Gesichter im Nebel (German Edition)
wirklich nicht mehr, was ich tun soll. Ich sammle schon lange kein Holz mehr zum Kochen. Allenfalls hole ich im Kramladen was zu knabbern und gehe dabei schier vor Angst ein.“
„Paddle, das ist wirklich schrecklich. Aber so kannst du nicht weiterhausen. Nein, wirklich nicht. Merkst du eigentlich gar nicht, dass es bei dir stinkt wie in der Hölle? Es ist kaum auszuhalten. Du wirst noch krank werden von all dem Müll und den Keimen!“
„Das ist mir egal! Ich muss weg, ich muss wirklich weg. Aber ich weiß nicht wohin. Die Polizei sucht mich und auf dem Festland werden sie mich bald finden und für den Rest meines Lebens einsperren.“
„Wir müssen uns Gedanken machen, was zu tun ist. Ich werde mit Paddy O’Donohogue reden. Vielleicht weiß der einen Rat. Und danke dir, du hast mir wirklich weiter geholfen.“
Xirian schaute, dass er wegkam. Ihm war speiübel und er fragte sich erneut, wie sein Gegenüber das überhaupt aushielt. Ein normaler Mensch würde sich zu Tode ekeln.
Als er zum Hafen schlenderte, fiel bereits der Nebel ein. Es wurde merklich kühler und Xirian fühlte, dass die Schatten erneut um ihn waren.
„Was wollt ihr von mir?“
Wieder und wieder fragte er wie immer in die Nebelwand hinein. Doch er bekam auch heute keine Antwort.
„Warum habt ihr zu Paddle gesprochen und könnt das mit mir nicht? Hört ihr? Wenn ihr etwas von mir wollt, so sagt es an! Hört ihr?“
Als er hügelan stieg und sich der Kirche näherte, fühlte er, wie die Geistwesen verschwanden. Es war wie bei den anderen Malen. Die Bannmeile des Gotteshauses war den Gestalten aus der Anderswelt nicht geheuer.
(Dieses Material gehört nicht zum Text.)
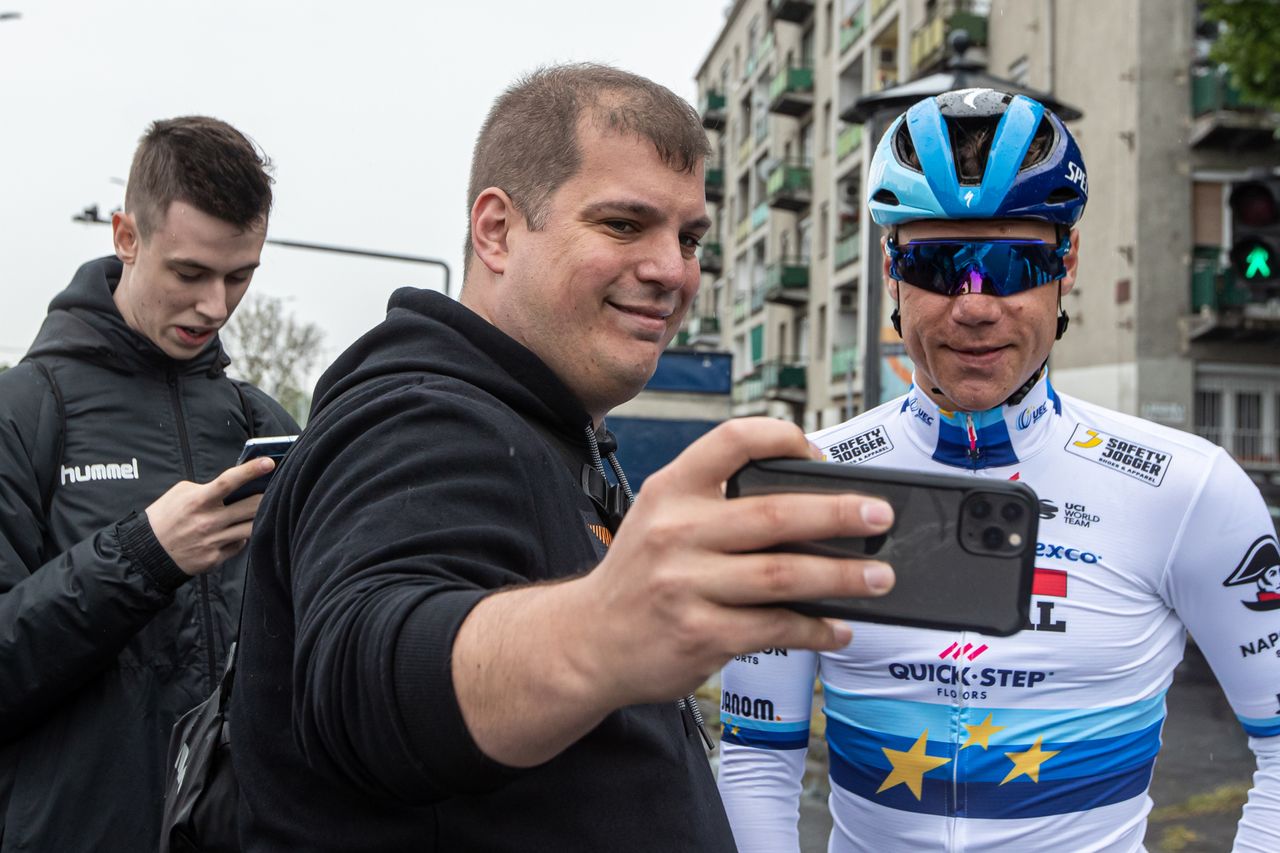 Fabio Jakobsen takes a selfie with a fan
Auch das war ein Hinweis.
Nach weiteren Minuten erreichte er Paddys Haus und klopfte. Der Fischermann öffnete und bat ihn herein. Er vermochte kaum zu glauben, was er da hörte.
„Und sie haben ihm wirklich gedroht, ihn zu sich zu holen? Aber warum gerade jetzt? Das ist mir ein Rätsel.“
„Ja“, meinte der Blinde, „mir auch. Vielleicht ist ein besonderer Jahrestag oder so was. Weißt du, wie Halloween, wenn angeblich die Toten aus ihren Gräbern kriechen.“
„Mhm, das klingt vernünftig. Es muss etwas dran sein, dass sie gerade jetzt so massiv auftreten.“
„Und, was ich dir noch erzählen wollte“, fügte der Blindmann an, „Paddle hat herausgefunden, dass sie sich vor Spiegeln fürchten. Er hat sich einen an die Tür genagelt. Im Übrigen ist es in seinem Haus nicht zum Aushalten. Er haust dort wie ein Schwein und die Bude stinkt so bestialisch, dass einem Brillenträger glatt die Gläser beschlagen würden.“
„Eine alte Drecksau war das schon immer. Aber jetzt scheint er vollends zu verwahrlosen und zu verkommen. Das wird sicher bald von alleine enden, wenn er so weitermacht.“
„Paddy, was auch immer, lass uns heute ein Stück weiterlesen, es sind ja nur noch wenige Seiten. Vielleicht finden wir in der Schrift noch einen interessanten Hinweis.“
Und wieder machten sich die beiden Männer daran, sich in die Geheimnisse des verblichenen Ahnherrn zu vertiefen, während draußen die Nebel gespenstisch um das Haus wallten. Mit ihm verschwammen die Gestalten aus einer anderen Zeit.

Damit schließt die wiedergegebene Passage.